Playwright Erin Shields’s dramatic adaptation of Paradise Lost – commissioned by the Stratford Festival for a 2018 production in their Studio Theatre – explores with verve and a modern-day sensibility the themes found in Milton’s epic poem. Shields’s contemporary style is infused with a lyric beauty, coupled with a spirited sprinkling of wit, farce, and up-to-date allusions. Her respect for and understanding of Milton’s work is evident throughout, with the 17th-century material providing an inspired base for a 21st-century exploration of gender, patriarchy, and notions of original sin.
Shields’s reimagining of the fall of Satan as a revolutionary, comprehensible act flies in the face of traditional interpretations. Equally, her portrayal of the Genesis fable of the fall of man (sic) incorporates a psychological understanding of temptation that counters accepted orthodoxy. The paradox of a godhead who requires obedience but allows for free will is presented in Shields’s play as a legitimate complaint by the likes of Satan and her minions. (Yes, in this incarnation, Satan is a vengeful, angry female.)

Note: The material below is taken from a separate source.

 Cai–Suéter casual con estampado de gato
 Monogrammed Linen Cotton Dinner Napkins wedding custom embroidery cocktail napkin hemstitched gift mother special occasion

From Shields’s perspective, exile from the Garden of Eden can be interpreted as a good thing, providing a deeper understanding of the relationship between male and female, while allowing more autonomy and independence. The creation of man and woman includes what appears to be a fatal flaw: struggle and, ultimately, death are part of the deal – without them, there’s really not much point. Thankfully, once the forbidden fruit is eaten and knowledge is rendered to the mortals, the Messiah, Son of God, provides his own rebellious views on how humanity should be treated, supplying a much-needed counter to his Father’s thirst to punish and rather cavalier approach to the suffering of humanity.
Shields’s language is a joy to read, though the more prosaic moments are less successful, accompanying as they do the often awkward contemporary references and somewhat forced humour. It is also unclear if this is really a feminist version of the original poem, which Shields’s introduction seems to imply. Despite the gender reversals and mentions of equality, Eve still gets the blame, and clearly she can’t live without a man. But then humankind wouldn’t continue otherwise. A modern-day conundrum indeed.